Data items
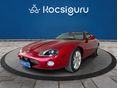 JAGUAR XK 2004/1 - 3
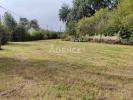 Vente Terrain Elnes 62380 885 m2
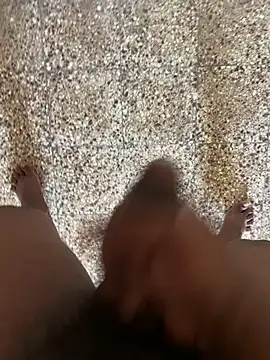 Snapshot of funn06 chatting on March 2, 7:26 am funn06 online show from March 2, 7:26 am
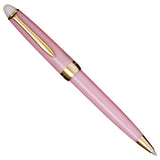 Sailor 1911 Casual Shikiori Tsukuyono Minamo Yazakura GT Ballpoint Pen 16-0358-201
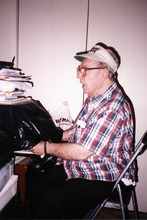 768_OBJ-Thumbnail Image.jpg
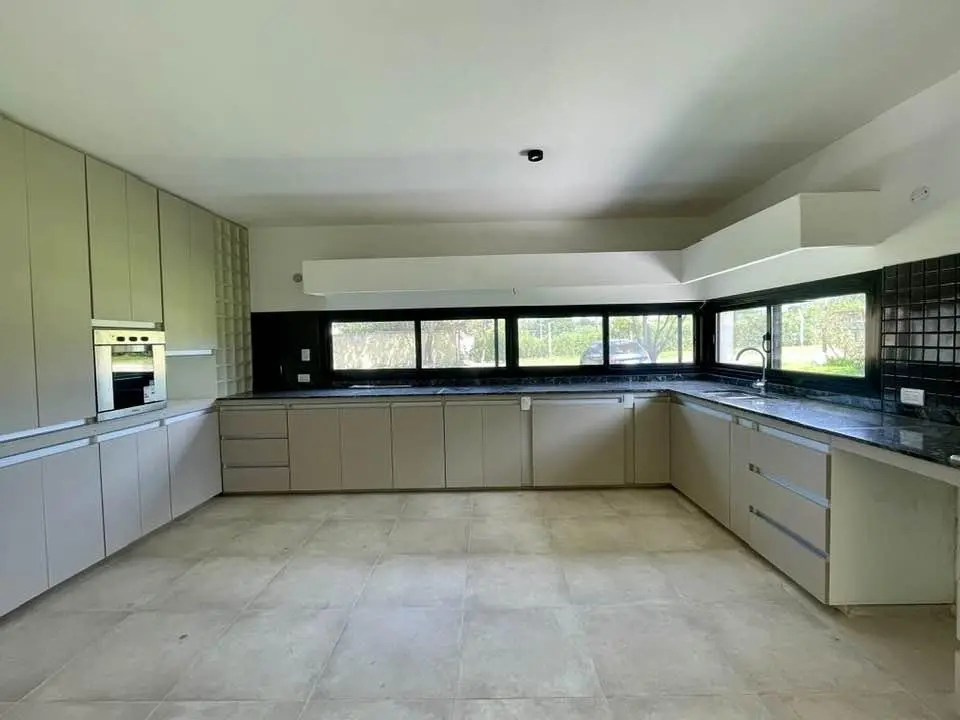 Casa en venta · Santa Maria, Córdoba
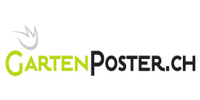Logo GartenPoster.ch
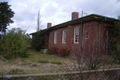 Property photo of 23 Parker Street Cootamundra NSW 2590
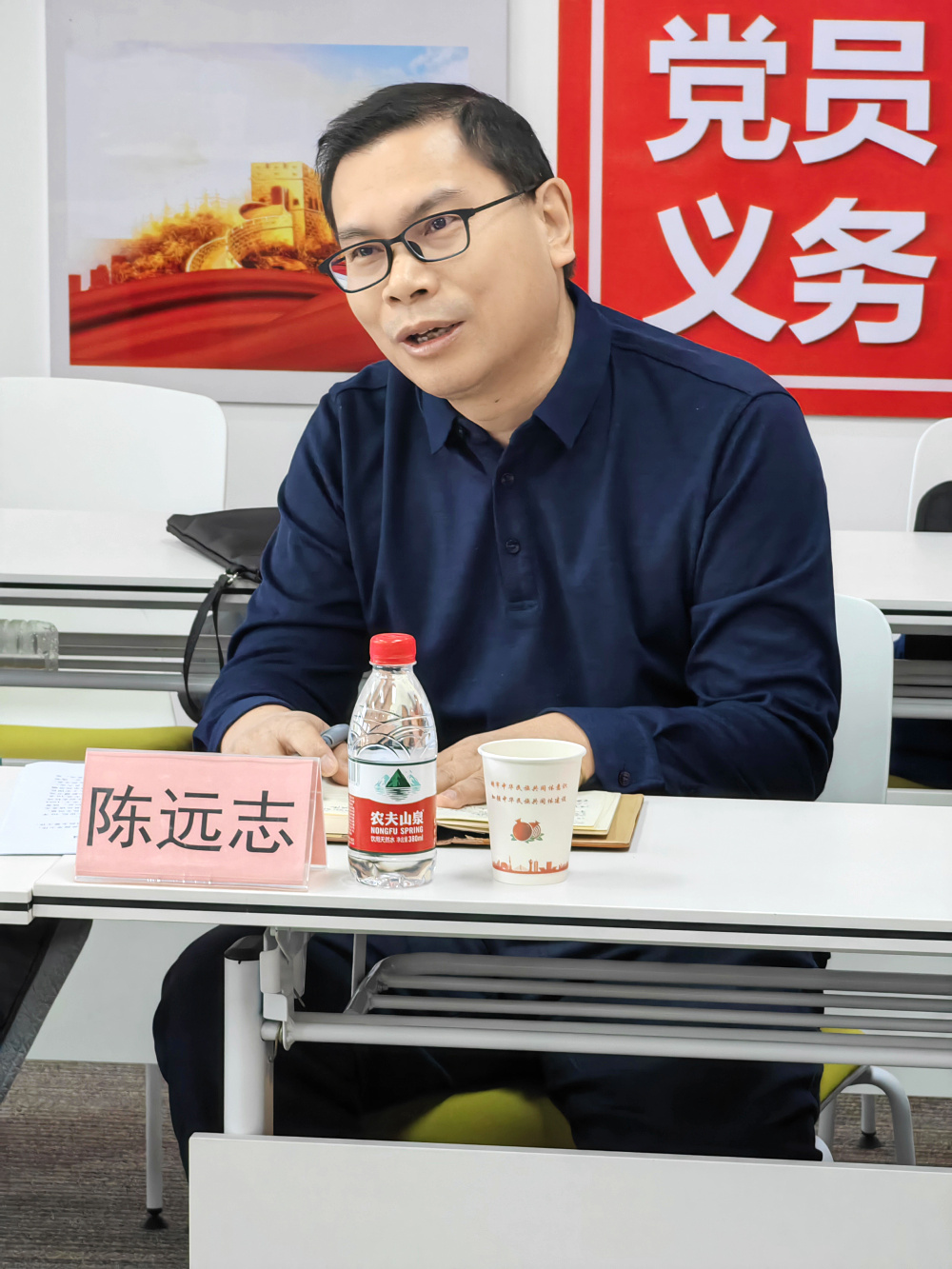 微信图片_20231128105442.jpg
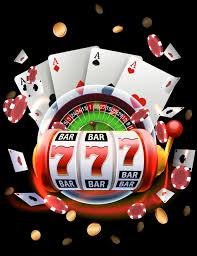 kasino online Apuestas Deportivas
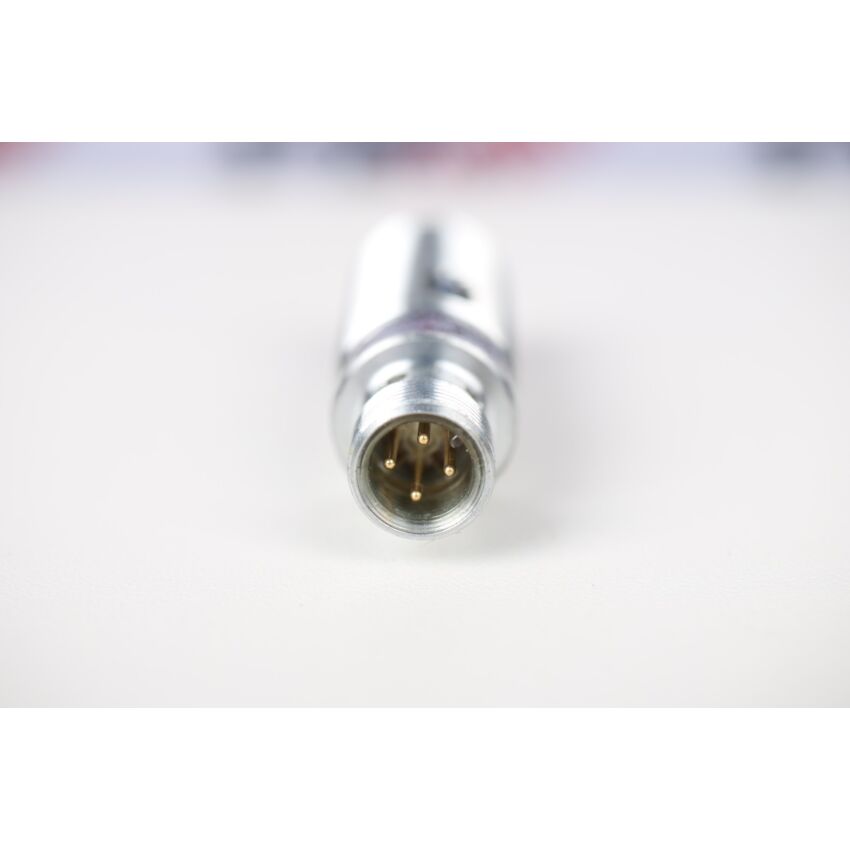 LHS-1180-303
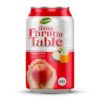 FLAVORED WATER - A NATURALLY BALANCED AND HEALTHY CHOICE FLAVORED WATER - A NATURALLY BALANCED AND HEALTHY CHOICE
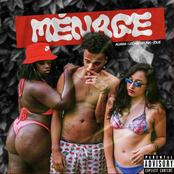 Ménage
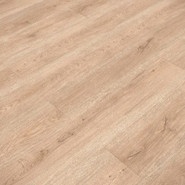 Кварцвиниловая плитка EcoClick NOX-1978 Дуб Белфорт 34 класс 1212х185х4.2 мм (ламинат)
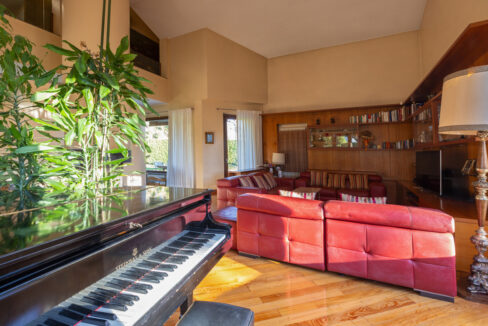 16_Strada_Privata_della_Chiocciola_32_Carimate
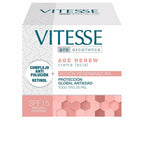 Vitesse Vitesse Cuidado Facial Crema Viso SPF15 Skinimalism Essenziale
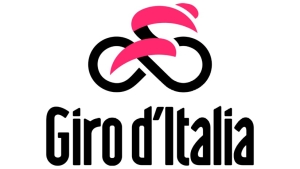 Giro d&rsquo;Italia 2024, gioved&igrave; 16 maggio modifiche alla viabilit&agrave;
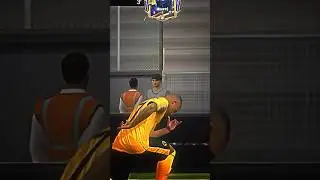 Mbappe FINISH in FC 🔥💀 #fcmobile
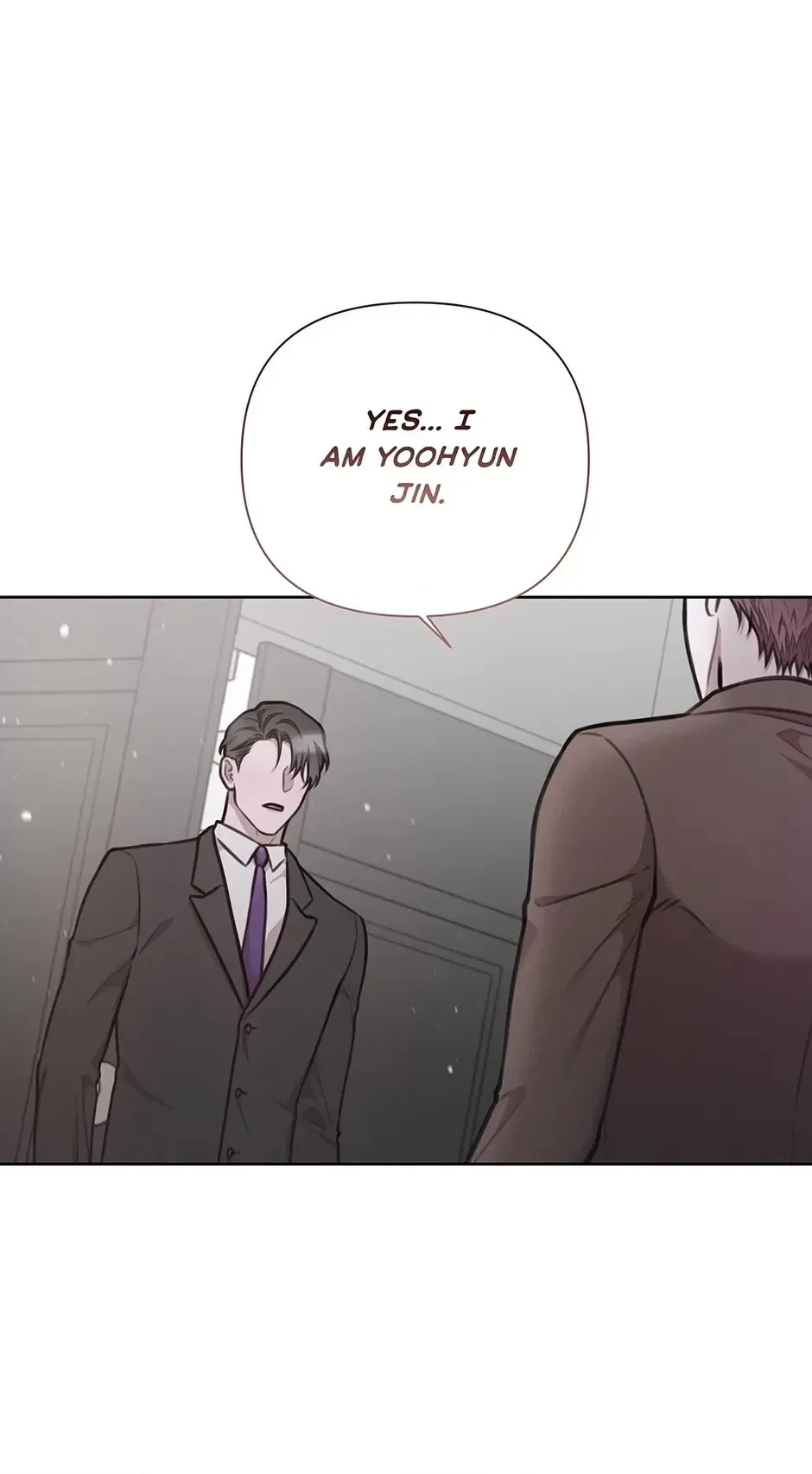 Chapter 39, page 90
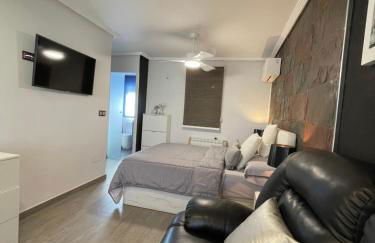 Vivienda en El Campello playa - Photo 22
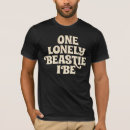 Pesquisar por bichinhos camisetas Para todos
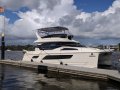 Aquila 44 Power Catamaran - Boat Share Syndicate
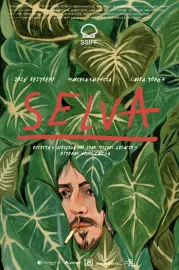 Selva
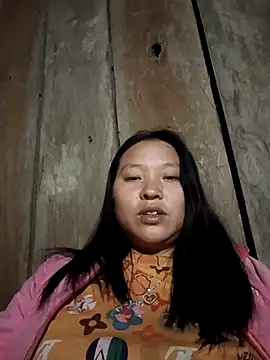 MuiNay online show from 15, 11, 2025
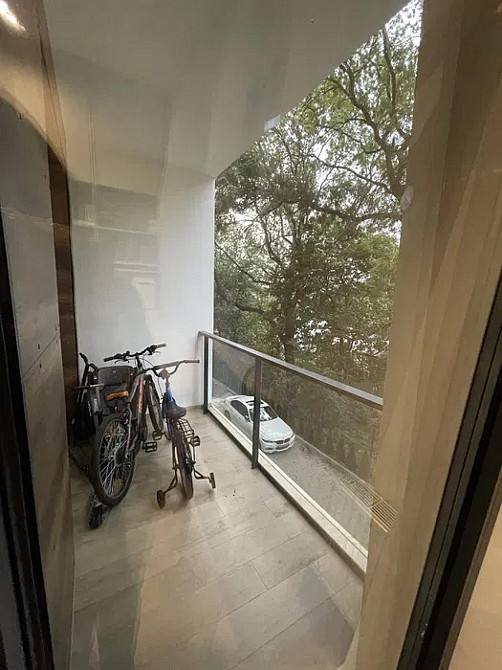 Продаж Квартира на улица Мечникова 16 L'viv - photo 17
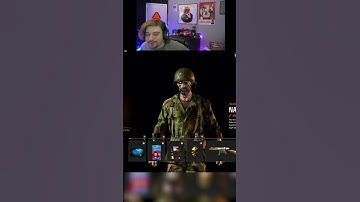 What Happens when you Prestige in Black Ops 6?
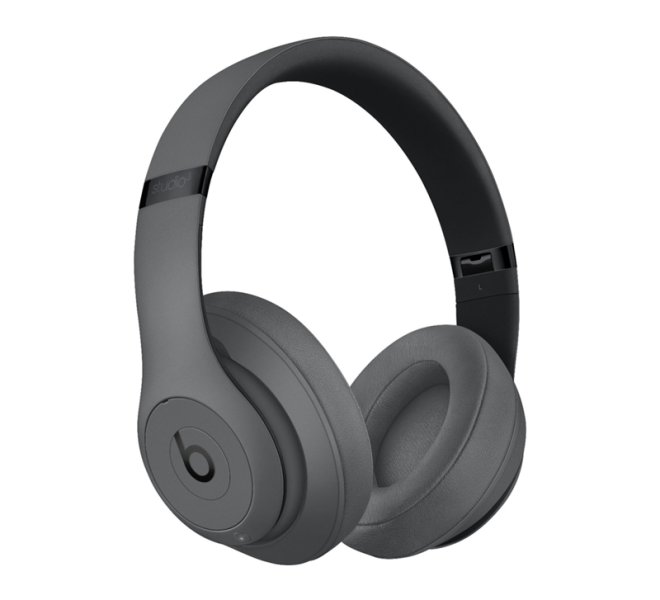 Beats by Dr. Dre Beats Studio 3 MTQY2LL/A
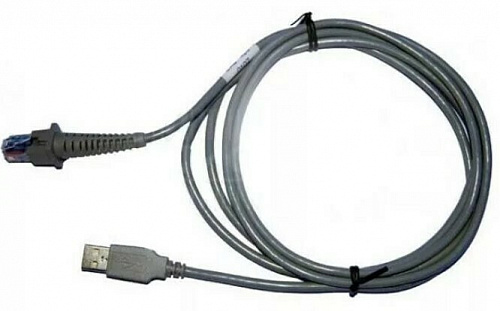 Кабель EAS для 2210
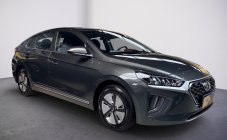 HYUNDAI IONIQ 1.6 GDI HEV DCT 2022/2023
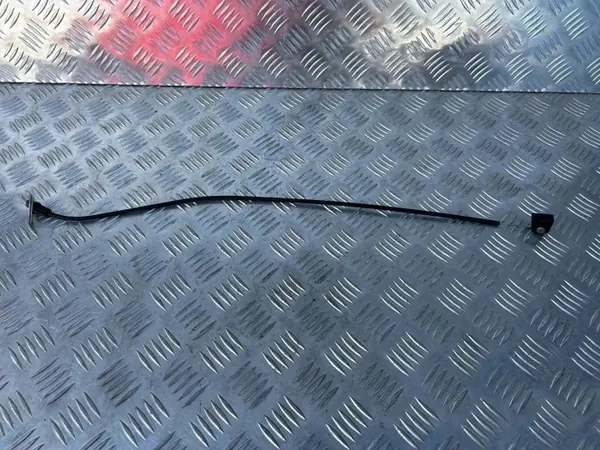 Handschuhfach-Verriegelung Scania R OEM 2347787 - Gebraucht image 2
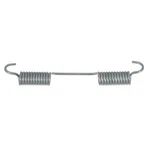 New Oem Nissan 2003-2024 370Z Gt-r Parking Brake Shoe Return Spring 44090-AG010. Fixed Price $19.87.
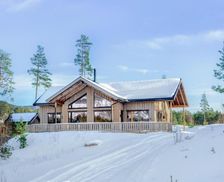 Norway Vestfold og Telemark Vradal vacation rental compare prices direct by owner 27617692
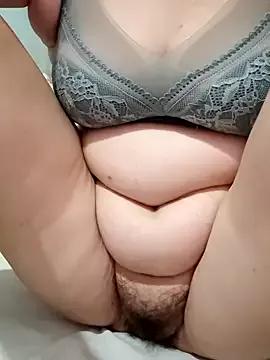 Squirt_lisa12 on StripChat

What is being asked: Reproduce every entry exactly, but omit each picture.

Answer for the task:
 JAGUAR XK 2004/1 - 3
 Vente Terrain Elnes 62380 885 m2
 Snapshot of funn06 chatting on March 2, 7:26 am funn06 online show from March 2, 7:26 am
 Sailor 1911 Casual Shikiori Tsukuyono Minamo Yazakura GT Ballpoint Pen 16-0358-201
 768_OBJ-Thumbnail Image.jpg
 Casa en venta · Santa Maria, Córdoba
Logo GartenPoster.ch
 Property photo of 23 Parker Street Cootamundra NSW 2590
 微信图片_20231128105442.jpg
 kasino online Apuestas Deportivas
 LHS-1180-303
 FLAVORED WATER - A NATURALLY BALANCED AND HEALTHY CHOICE FLAVORED WATER - A NATURALLY BALANCED AND HEALTHY CHOICE
 Ménage
 Кварцвиниловая плитка EcoClick NOX-1978 Дуб Белфорт 34 класс 1212х185х4.2 мм (ламинат)
 16_Strada_Privata_della_Chiocciola_32_Carimate
 Vitesse Vitesse Cuidado Facial Crema Viso SPF15 Skinimalism Essenziale
 Giro d&rsquo;Italia 2024, gioved&igrave; 16 maggio modifiche alla viabilit&agrave;
 Mbappe FINISH in FC 🔥💀 #fcmobile
 Chapter 39, page 90
 Vivienda en El Campello playa - Photo 22
 Pesquisar por bichinhos camisetas Para todos
 Aquila 44 Power Catamaran - Boat Share Syndicate
 Selva
 MuiNay online show from 15, 11, 2025
 Продаж Квартира на улица Мечникова 16 L'viv - photo 17
 What Happens when you Prestige in Black Ops 6?
 Beats by Dr. Dre Beats Studio 3 MTQY2LL/A
 Кабель EAS для 2210
 HYUNDAI IONIQ 1.6 GDI HEV DCT 2022/2023
 Handschuhfach-Verriegelung Scania R OEM 2347787 - Gebraucht image 2
 New Oem Nissan 2003-2024 370Z Gt-r Parking Brake Shoe Return Spring 44090-AG010. Fixed Price $19.87.
 Norway Vestfold og Telemark Vradal vacation rental compare prices direct by owner 27617692
 Squirt_lisa12 on StripChat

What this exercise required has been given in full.